Scottish retail sales remain weak
Retail sales in Scotland remained weak in May, according to the Scottish Retail Consortium (SRC).
Total sales for the month were up 0.1%, but like-for-like sales - which strips out the effects of new store openings - were 1.2% lower than a year ago.
The warm weather at the end of the month boosted spending on food and summer clothes.
In contrast, UK sales rose on both measures with the total value of goods sold up by 3.4%.
This was the fourteenth month in a row that UK sales growth exceeded that in Scotland.
Ian Shearer, Scottish Retail Consortium director, said: "A welcome spell of warmth at the end of May helped lift these figures but the burst of summer didn't bring a boost on the scale enjoyed elsewhere.
"The underlying picture remains weak, showing sales falling in real terms for the sector overall, and this is particularly worrying given that they are being compared against poor figures for May in 2011."
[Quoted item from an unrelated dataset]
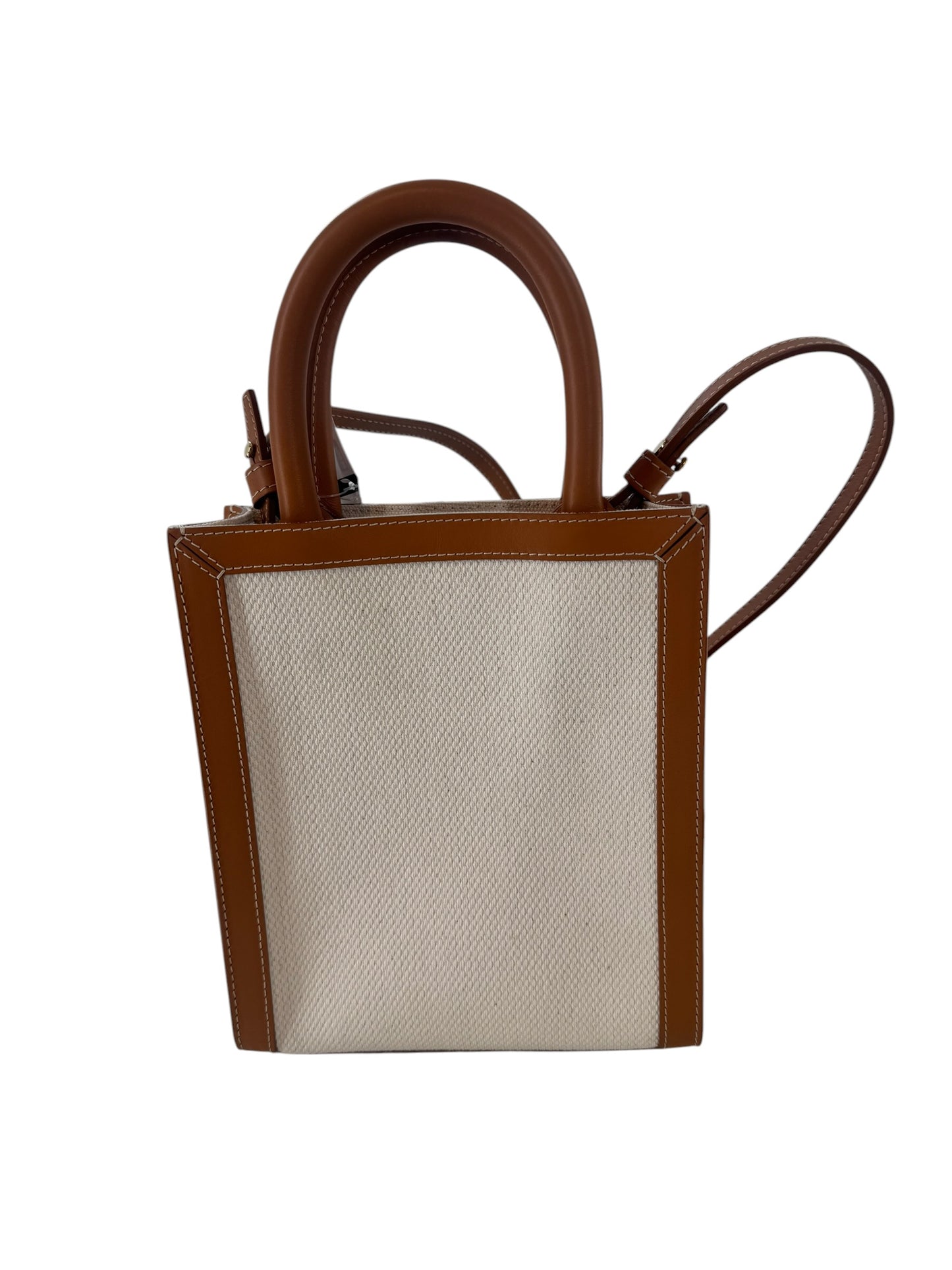 Celine Mini Vertical Cabas in Textile and Calfskin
He added: "Consumer caution persisted, household budgets are still under severe strain and most shoppers are committed to buying only what they consider to be essentials."
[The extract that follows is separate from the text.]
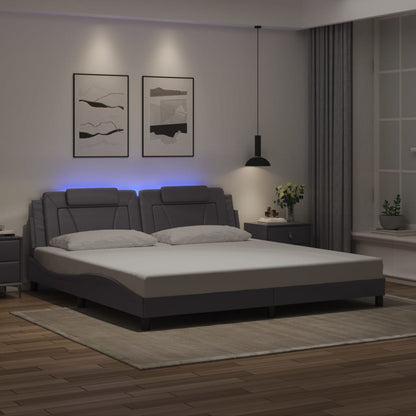 Bettgestell "Viana" mit LED ohne Matratze Grau 200x200 cm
David McCorquodale, Head of retail in Scotland for KPMG, said: "A week of sunshine and Scotland's muted celebration of the Jubilee will not overcome the underlying issues facing the industry, which remains under pressure from a combination of low consumer confidence and squeezed incomes.
"We have seen yet more casualties on the high street in May and more are forecast.
"The seismic structural changes in the industry would be easier to manage in a better economic environment but retailers do not have that luxury and are therefore hanging on and managing cash and margins as best they can."